Information technology: buy or sell it, but above all, use it
15 Jan 2000
What can be made of the recent boom in Internet-related stocks and shares? Well, at the moment, very little. Led by Freeserve, many of the recently floated ISP companies are now trading on the stock market at less than their start-up price. After the hype comes the reality - the reality of fledging companies operating in an increasingly competitive market where price/earnings ratios tend to carry a little more weight than numbers of `hits' on web sites.
Unfortunately, the reality is also that investors will now tread rather more warily around technology-based companies in general. This is not a new phenomenon, as any start-up biotechnology company can confirm. Despite the endemic short-termism of our financial institutions, they nevertheless prefer their investments to be based on reliable, well-managed companies with a competitive edge in their own marketplace.

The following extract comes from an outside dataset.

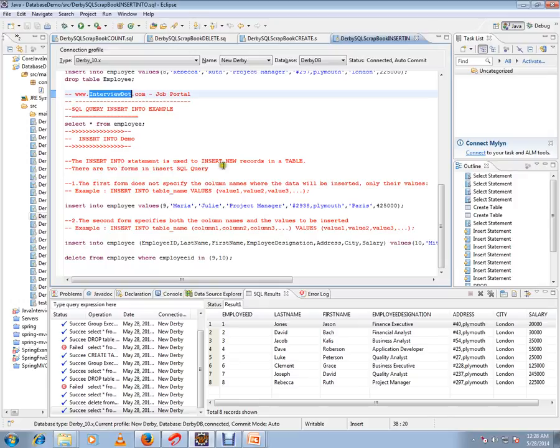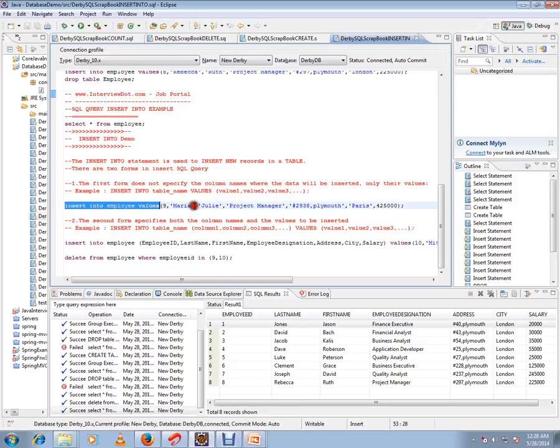is used to insert new records in a table. There are two forms in INSERT query. The first form does not specify the column names. The syntax is INSERT INTO table name, VALUES - directly you can give the values that you want to insert as a row.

The paradox here, however, is that reliable, well-managed companies tend to gain that competitive edge by themselves investing in the latest technology. Nowhere is this more so than in the mainstream process industries like chemicals or oil and gas. These have long been at the forefront of process technology advances, but they are now also starting to reap the benefits of their investments in information technology.
As featured in our special Process IT section this month (starting on p24), the process industries now have the support of specialist IT vendors who have developed software and systems specifically to meet the demands of continuous and batch processing companies. Just as many chemical companies have re-engineered themselves, either through acquisitions, mergers or disposals, so too have process engineering companies like Aspen Technology, and process control companies such as Fisher-Rosemount, Honeywell and Foxboro.
What all these companies have realised is that their traditional customer-base is changing. Their blue-chip customers no longer want to run separate engineering or production departments, or keep sales and distribution away from raw-material ordering. Integration is now the name of the game, and IT provides the rules by which to play it.
AspenTech, for example, has moved in only a few years from its process engineering design and simulation beginnings to a fully-fledged process IT company, capable of offering everything from engineering data management (see p24) to complete supply chain solutions. And all the previously monolithic distributed control system (DCS) manufacturers now reach up from the plantfloor and offer links into enterprise resource planning (ERP) systems.
According to AspenTech's v-p Brian Harkins, supply chain management depends on such links between different IT systems, be they ERP systems, DCS or other control systems, or the business systems used by a company's customers and suppliers. However, he still believes that process knowledge is crucial to business operations - and IT holds the key to disseminating that knowledge.